Cher Laurent Mauvignier,

J’ai refermé votre livre *La maison vide*, il y a environ deux mois et je continue pourtant d’arpenter ses pièces. 

Votre roman n’est pas un livre seulement. C’est une topographie affective. 

Nous entrons dans une maison vacante. 

Vous aviez très sobrement prévenu : 

« C’est parce que je ne sais rien ou presque rien de mon histoire familiale que j’ai besoin d’en écrire une sur mesure… »

Et j’ai compris que vous lire, c’est habiter une absence, c’est habiter un effacement.

Cher Laurent Mauvignier, je ne vous écris pas en lectrice “émue”.

Je vous écris en lectrice atteinte.

Ce qui m’atteint déjà, c’est la forme même de votre courage. Vous n’avez pas cherché à magnifier la mémoire. Vous avez regardé en face un héritage dont vous ne saviez  rien, ou presque rien et vous en avez tiré une épure. Vous avez écrit un livre mémoire,  avec une mémoire sans archives. 

Vous avez compris que le drame n’est pas seulement de perdre les histoires, de les oublier, mais c’est de devoir les inventer pour survivre. Pour retrouver ces parts de soi, qu’on ne connaissait pas.

La violence de la transmission, vous ne l’expliquez pas, vous la montrez avec les « négatifs » trouvés dans la maison. « Un piano, une commode au marbre ébréchée, une Légion d’honneur, des photographies sur lesquelles un visage a été découpé aux ciseaux »

Et puis, des prénoms…

Et ces deux guerres mondiales.

Cette violence inouïe des objets de la lignée et dont on ne sait rien, traverse un très grand nombre de familles… comme un fleuve souterrain et gelé. Il faut un brise l’âme pour avancer. Pour briser les couches de silences gelés.

Et vous, vous avez eu l’audace de faire de ces silence un formidable « matériau ».

Je vous suis reconnaissante pour ce que je ne sais pas faire. Faire confiance au vide. Oser l’affronter. 

Vous avez fait confiance au vide. Vous l’avez travaillé comme un métal qu’on martèle sans bruit. Sur l’absence et les secrets vous avez travaillé les phrases. L’une après l’autre. Vous les avez déposées, l’une après l’autre.

Avec ce geste, vous avez fait un chemin. Un chemin de sismologie intime. C’est ça la littérature aussi.

Cher Laurent Mauvignier. Vous êtes le lauréat du Prix Goncourt 2025. Je suis très heureuse pour vous. Les autres auteurs candidats n’ont pas démérité. Mais il fallait choisir.

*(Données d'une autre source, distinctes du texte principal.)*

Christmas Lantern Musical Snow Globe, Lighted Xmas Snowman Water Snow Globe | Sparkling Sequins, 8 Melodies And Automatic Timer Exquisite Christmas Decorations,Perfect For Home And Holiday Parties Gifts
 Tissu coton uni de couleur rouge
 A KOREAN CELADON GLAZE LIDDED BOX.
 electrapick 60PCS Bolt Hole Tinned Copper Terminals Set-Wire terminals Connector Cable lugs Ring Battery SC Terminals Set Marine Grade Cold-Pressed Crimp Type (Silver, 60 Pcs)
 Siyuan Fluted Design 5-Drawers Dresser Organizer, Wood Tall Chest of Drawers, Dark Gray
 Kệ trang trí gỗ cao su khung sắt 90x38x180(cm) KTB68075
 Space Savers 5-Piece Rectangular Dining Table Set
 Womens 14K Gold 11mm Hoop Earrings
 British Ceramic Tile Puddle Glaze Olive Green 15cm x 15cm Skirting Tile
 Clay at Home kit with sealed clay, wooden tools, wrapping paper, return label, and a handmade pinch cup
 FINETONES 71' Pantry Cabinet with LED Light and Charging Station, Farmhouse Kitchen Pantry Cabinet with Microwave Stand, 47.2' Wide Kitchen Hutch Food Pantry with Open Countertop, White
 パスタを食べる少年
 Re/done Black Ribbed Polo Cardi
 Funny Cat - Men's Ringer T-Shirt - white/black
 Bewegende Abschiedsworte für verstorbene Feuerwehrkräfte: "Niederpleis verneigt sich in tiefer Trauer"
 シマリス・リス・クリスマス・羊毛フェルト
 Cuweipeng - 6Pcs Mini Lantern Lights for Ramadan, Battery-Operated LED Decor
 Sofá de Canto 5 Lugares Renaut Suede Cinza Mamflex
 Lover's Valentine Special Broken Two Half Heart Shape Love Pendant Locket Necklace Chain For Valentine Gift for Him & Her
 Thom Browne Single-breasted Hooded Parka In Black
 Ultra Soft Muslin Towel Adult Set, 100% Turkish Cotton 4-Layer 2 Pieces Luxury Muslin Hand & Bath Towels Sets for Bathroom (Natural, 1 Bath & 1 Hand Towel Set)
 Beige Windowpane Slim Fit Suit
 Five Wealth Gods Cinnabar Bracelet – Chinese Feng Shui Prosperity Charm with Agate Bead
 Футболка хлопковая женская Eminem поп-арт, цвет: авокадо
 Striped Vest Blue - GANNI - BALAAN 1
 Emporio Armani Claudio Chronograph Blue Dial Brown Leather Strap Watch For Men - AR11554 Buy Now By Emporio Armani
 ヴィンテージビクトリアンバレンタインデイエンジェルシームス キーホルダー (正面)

Mais que vous ayez eu le Prix Goncourt ou pas, cette lettre je vous l’aurait écrite. Aujourd’hui je l’écris de *De la maison vide*

Nous sommes très nombreux dans la   *Maison*. Nous sommes les plus légitimes à pouvoir y entrer. 

Nous  sommes vos lecteurs tout simplement.

Et puis au loin nous entendons :

-Bravo, bravo Laurent.

Ce sont les vôtres, ceux que vous avez remis en lumière.

Et nous vos lecteurs, nous vous disons simplement MERCI pour cette *Maison vide* qui nous a tant appris peut-être sur vous mais aussi sur nous-mêmes.